## Given information:

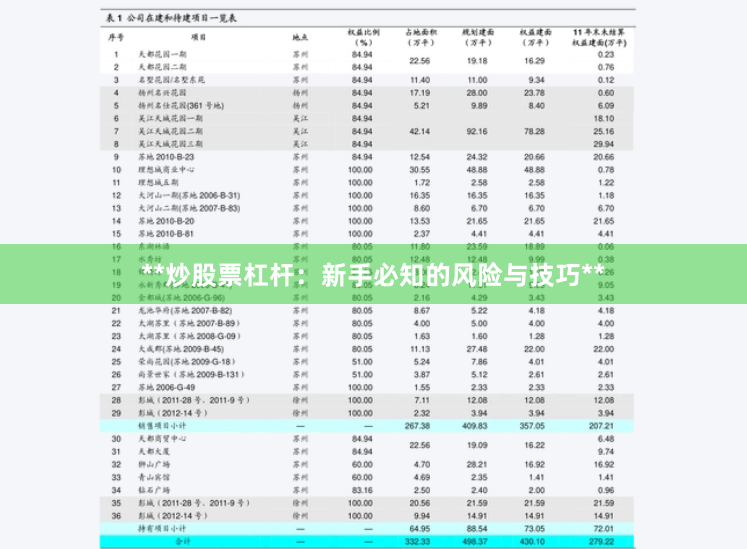 **炒股票杠杆：新手必知的风险与技巧**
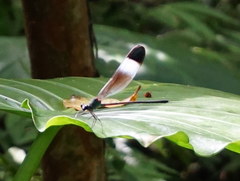 Psolodesmus mandarinus mandarinus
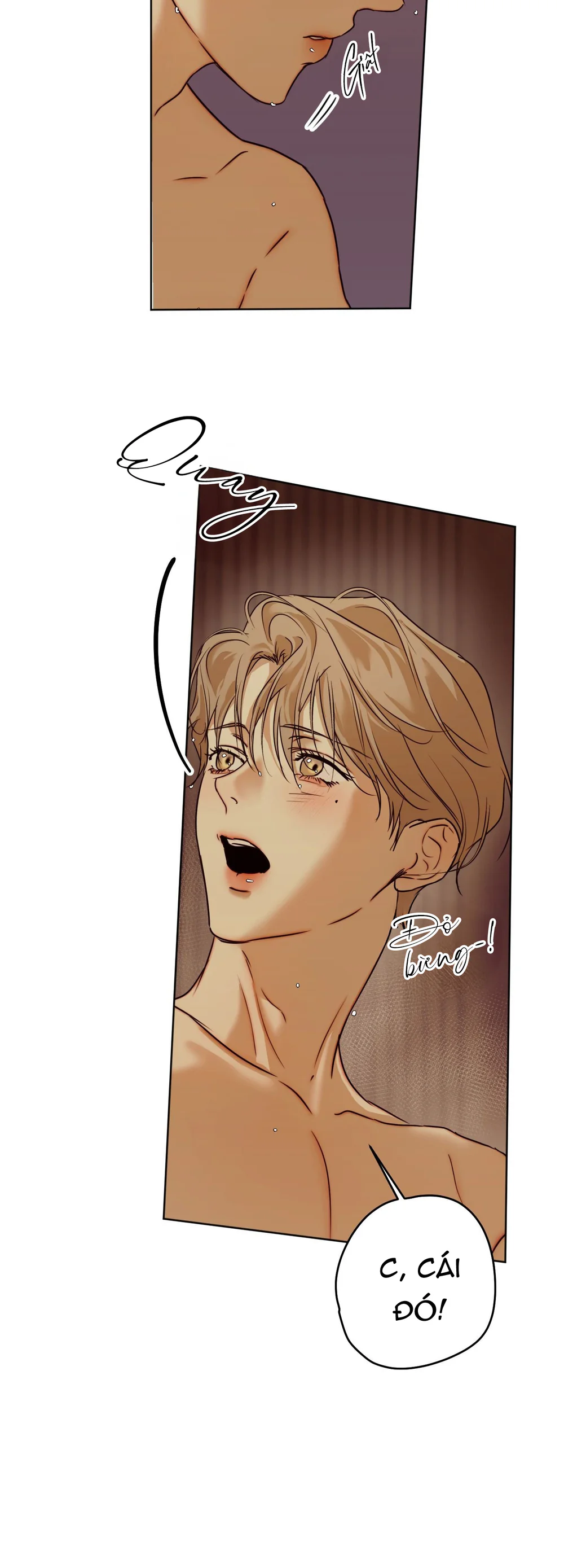 ÁI TÌNH VÀ DỤC VỌNG Chapter 72 Trang 24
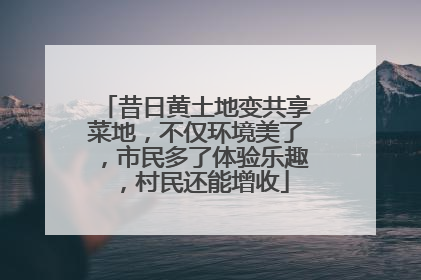 昔日黄土地变共享菜地，不仅环境美了，市民多了体验乐趣，村民还能增收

## Task brief:
All of the lines above should be printed exactly, minus the pictures.

## Exercise result:
 **炒股票杠杆：新手必知的风险与技巧**
 Psolodesmus mandarinus mandarinus
 ÁI TÌNH VÀ DỤC VỌNG Chapter 72 Trang 24
 昔日黄土地变共享菜地，不仅环境美了，市民多了体验乐趣，村民还能增收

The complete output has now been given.